私のミッション・ビジョン・バリュー2022年第1回 高岸憲伸選手「情熱と誇り」

水戸ホーリーホック
チーム・協会

【ⒸMITOHOLLYHOCK】

水戸ホーリーホックでは、プロサッカークラブとして初めての試みとなるプロ選手を対象とした「社会に貢献する人材育成」「人間的成長のサポート」「プロアスリートの価値向上」を目的とするプロジェクト「Make Value Project」を実施しています。

多様性と交流を基盤に、様々な業種の講師を招聘し、異業種の方々の価値観や使命感に触れることで、プロアスリートとしての存在意義や社会的な存在価値を選手たちに問い続けます。

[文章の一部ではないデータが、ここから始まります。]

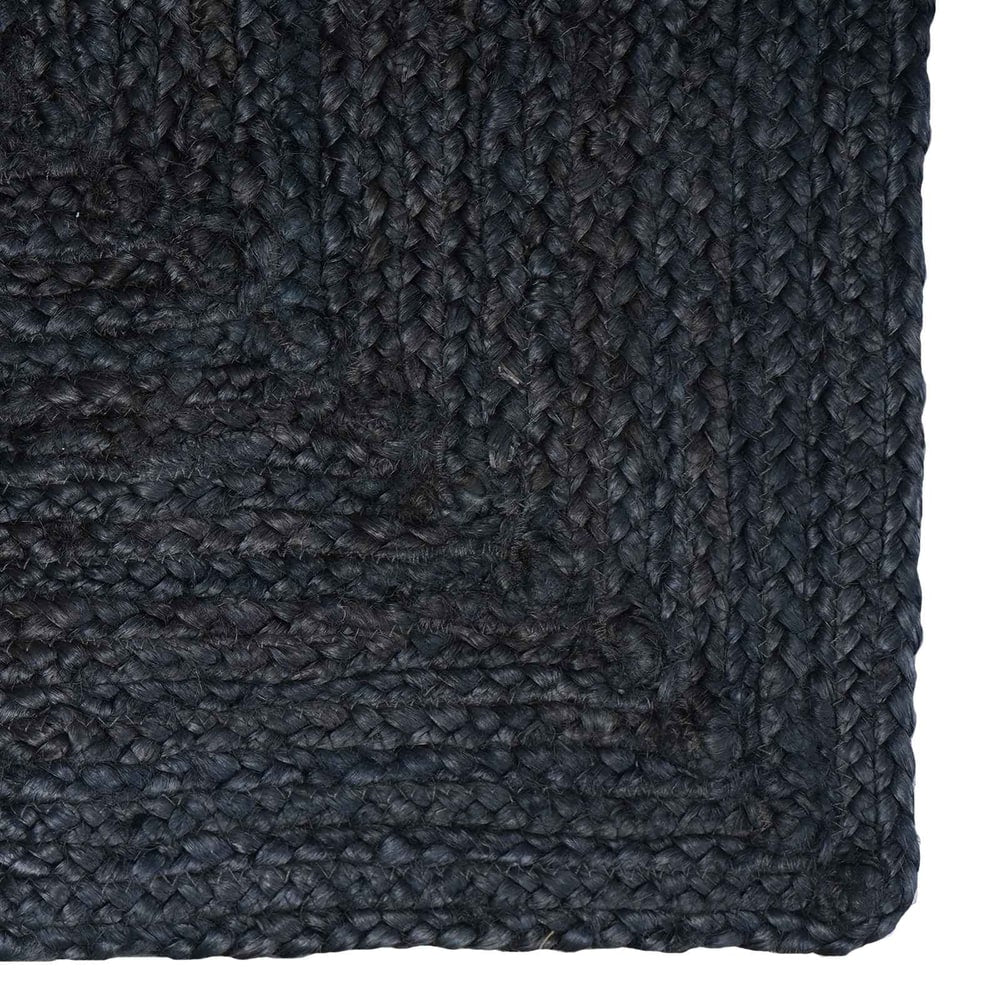 Close-up of the dark grey jute rug's corner and woven texture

その一環として、キャリアコーチと選手が継続的に面談をして「ミッション」「ビジョン」「バリュー」の策定をする取り組みが2020年から行われています。

ミッション・・・社会の中での自分の役割
ビジョン・・・ミッションを実現した理想の未来像
バリュー・・・日々のこだわり、行動指針

原体験を振り返り、自らのサッカー選手であるうえのスタンスや価値観、使命感を見つめなおすことでピッチ内外でのパフォーマンス、言動、行動の質の向上につなげていこうという取り組みです。

今季も選手・スタッフの今季策定した「ミッション」「ビジョン」「バリュー」を紹介していきます。
2022年第1回は高岸憲伸選手です。

(取材・構成 佐藤拓也)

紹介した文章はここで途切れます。